A: I did take off to the East Coast to get my MBA at Wharton, and had short stints in LA and San Francisco. But I was drawn back to Seattle. I missed the Northwest and the people. They're smart, socially and environmentally progressive, and they never take a sunny day for granted.
Q: What was your first job in Seattle?
A: When I came to Seattle in 1976, I worked as an architect in the Denny Regrade area—now Belltown. I was involved in projects in Pike Place Market and around the region, but my favorite project was actually in Portugal. I was fortunate to be part of the team that designed the Lisbon Embassy for Bassetti Architects. My work involved several historic buildings—a chapel, manor house and gardens. I liked the challenge of balancing new and old architecture, working with the historical bones of the site. I believe good design, and good development for that matter, respects the history of a place. By being aware of the stories of the past, we make connections that can give a new structure personality and interest.
Q: Sustainable development. What does this mean to JC Mueller LLC?
A: Sustainable development is an environmental, economic and social concept. Historically, people perceived that while it may be possible for development to address the social needs of the community, or be successful economically, or reduce negative impacts to the environment, it can't accomplish all three. This is false. With forethought, collaboration and creative thinking, we can find responsible solutions that provide lasting value to investors and the community.
Q: JC Mueller LLC is currently focused on developing Seattle's urban neighborhoods.
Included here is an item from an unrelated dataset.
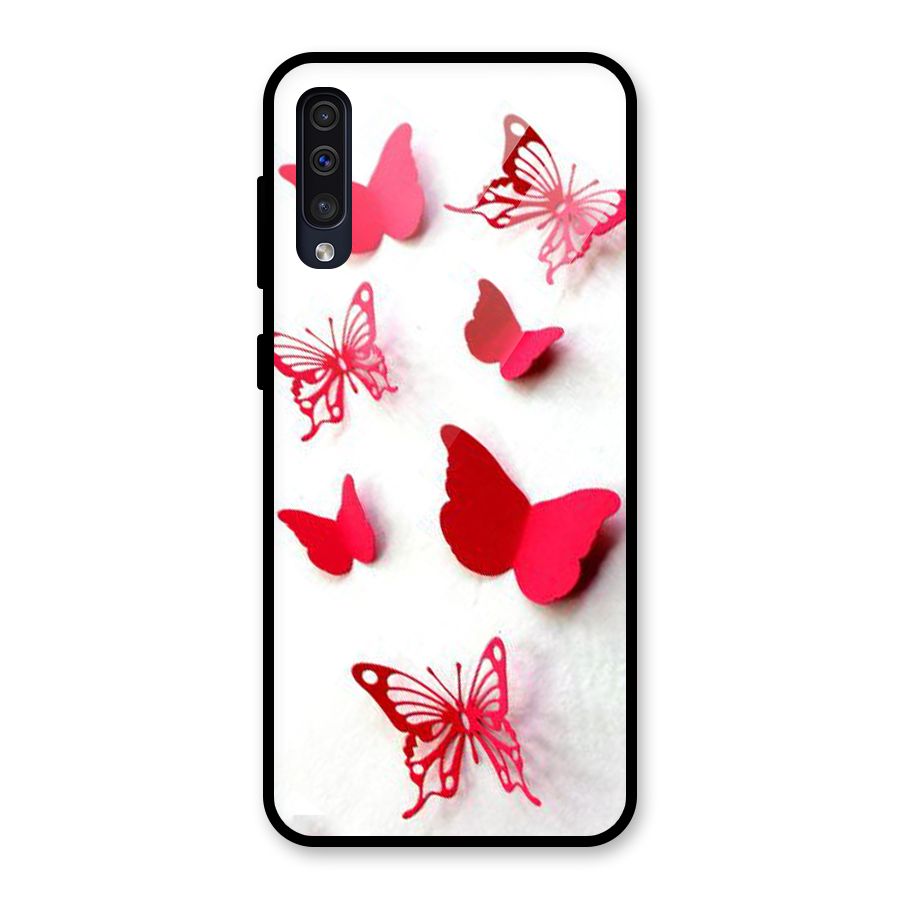 Red Butterflies Glass Back Case for Galaxy A50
Why is this important to you?
A: I am a longtime Seattle resident. I live and work near the properties I pursue. I want to see neighborhoods thrive, socially and economically. I want to see housing scarcity eased, commuting reduced and less damage being done to the environment. I don't want to see the heart of Seattle stop beating because everyone decided it was easier to develop in the suburbs. Improving Seattle's core is important to me.
Q: From 1997 to 2000, you developed large-scale projects in Asia. What did you learn from that experience?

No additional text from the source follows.